** Activity **
The line with "Fototapeta premium Illustration" marks the first line to copy, and the line with "Rain Jacket Women" marks the last. Transcribe that stretch of the data below exactly, without pictures.

** Provided entries **
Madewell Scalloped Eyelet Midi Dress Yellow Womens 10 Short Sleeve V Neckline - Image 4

...

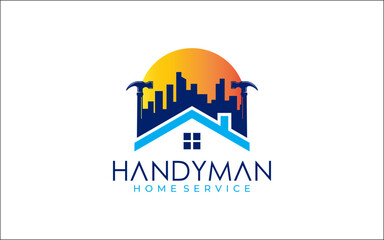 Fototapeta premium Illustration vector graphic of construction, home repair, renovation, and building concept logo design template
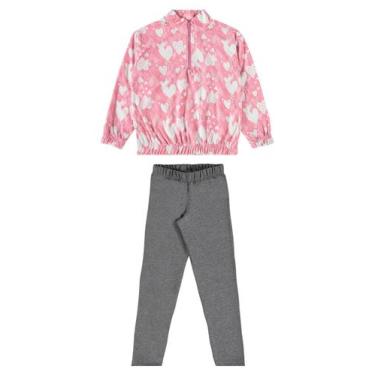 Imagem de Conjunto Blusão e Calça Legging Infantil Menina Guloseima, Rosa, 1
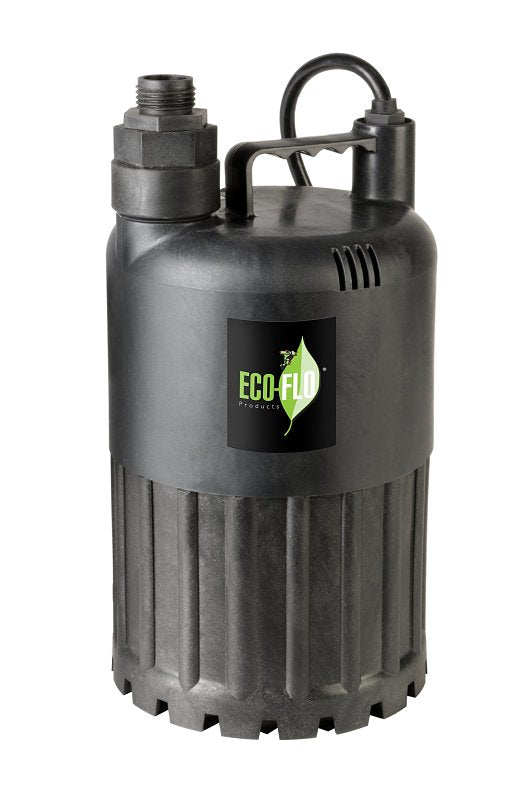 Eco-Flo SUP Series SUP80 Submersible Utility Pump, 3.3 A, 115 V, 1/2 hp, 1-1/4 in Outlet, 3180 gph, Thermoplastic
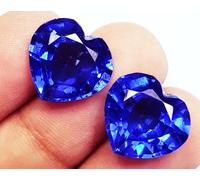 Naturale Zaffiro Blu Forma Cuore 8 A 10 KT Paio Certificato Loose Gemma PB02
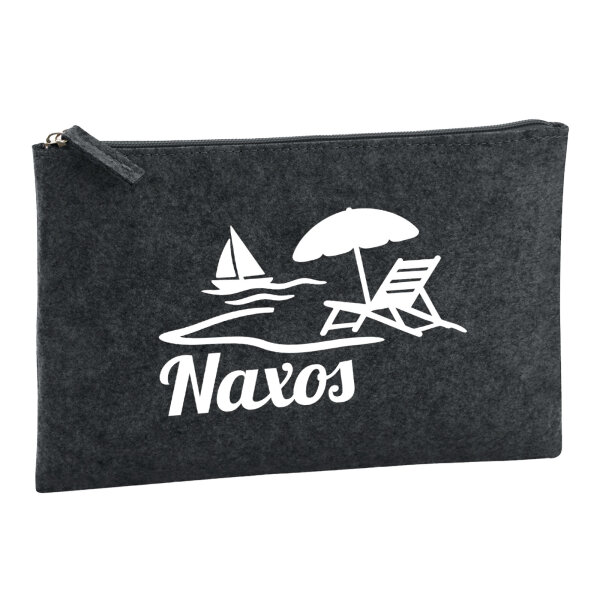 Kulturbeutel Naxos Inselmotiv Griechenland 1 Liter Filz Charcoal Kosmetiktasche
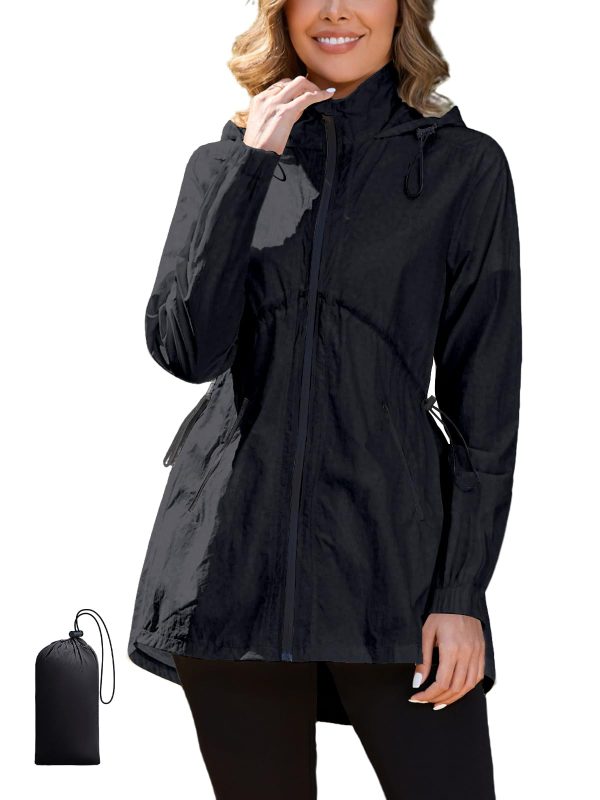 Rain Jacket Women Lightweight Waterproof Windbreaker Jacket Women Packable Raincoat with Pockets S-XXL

---

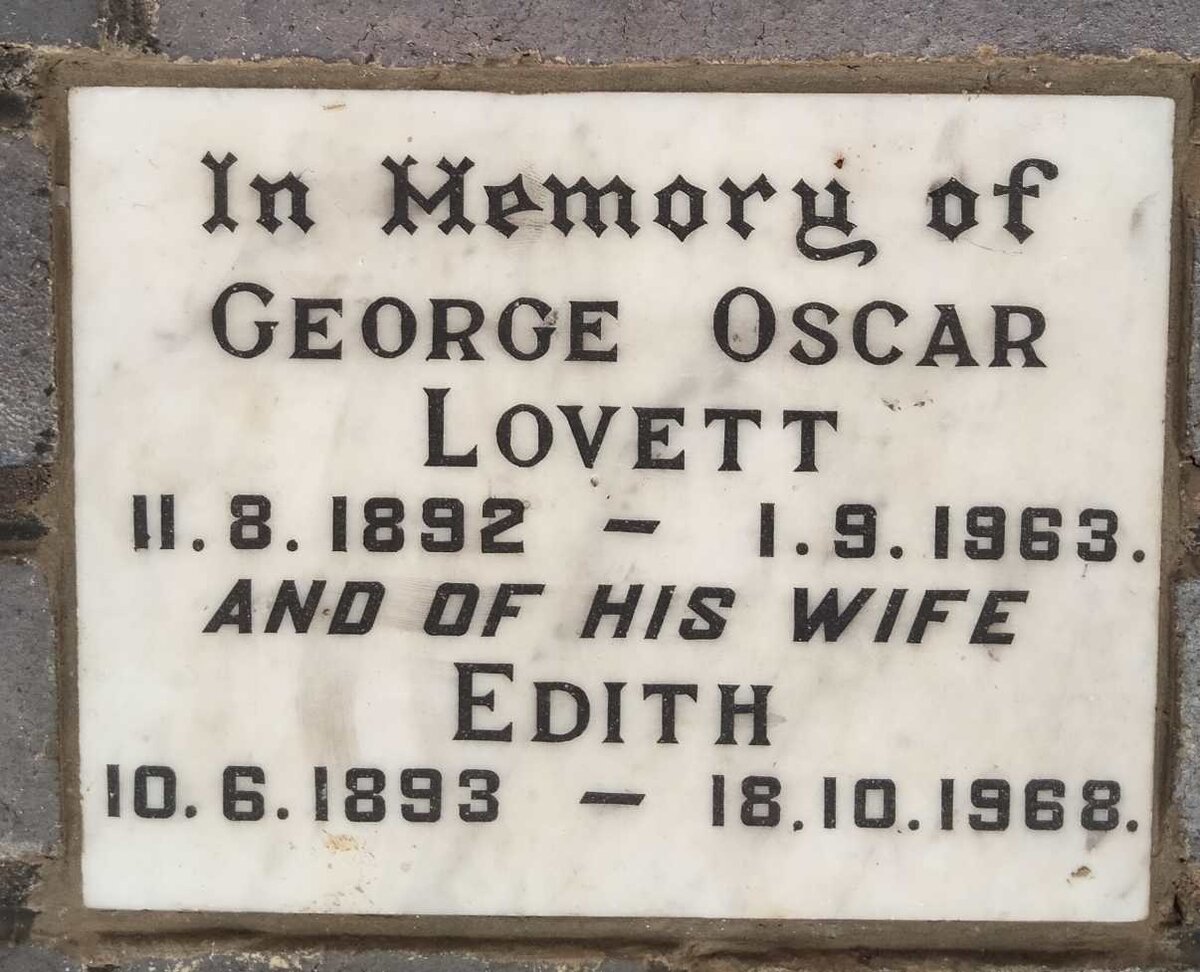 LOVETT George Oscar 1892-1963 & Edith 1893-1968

** Problem solution **
 Fototapeta premium Illustration vector graphic of construction, home repair, renovation, and building concept logo design template
 Imagem de Conjunto Blusão e Calça Legging Infantil Menina Guloseima, Rosa, 1
 Eco-Flo SUP Series SUP80 Submersible Utility Pump, 3.3 A, 115 V, 1/2 hp, 1-1/4 in Outlet, 3180 gph, Thermoplastic
 Naturale Zaffiro Blu Forma Cuore 8 A 10 KT Paio Certificato Loose Gemma PB02
 Kulturbeutel Naxos Inselmotiv Griechenland 1 Liter Filz Charcoal Kosmetiktasche
 Rain Jacket Women Lightweight Waterproof Windbreaker Jacket Women Packable Raincoat with Pockets S-XXL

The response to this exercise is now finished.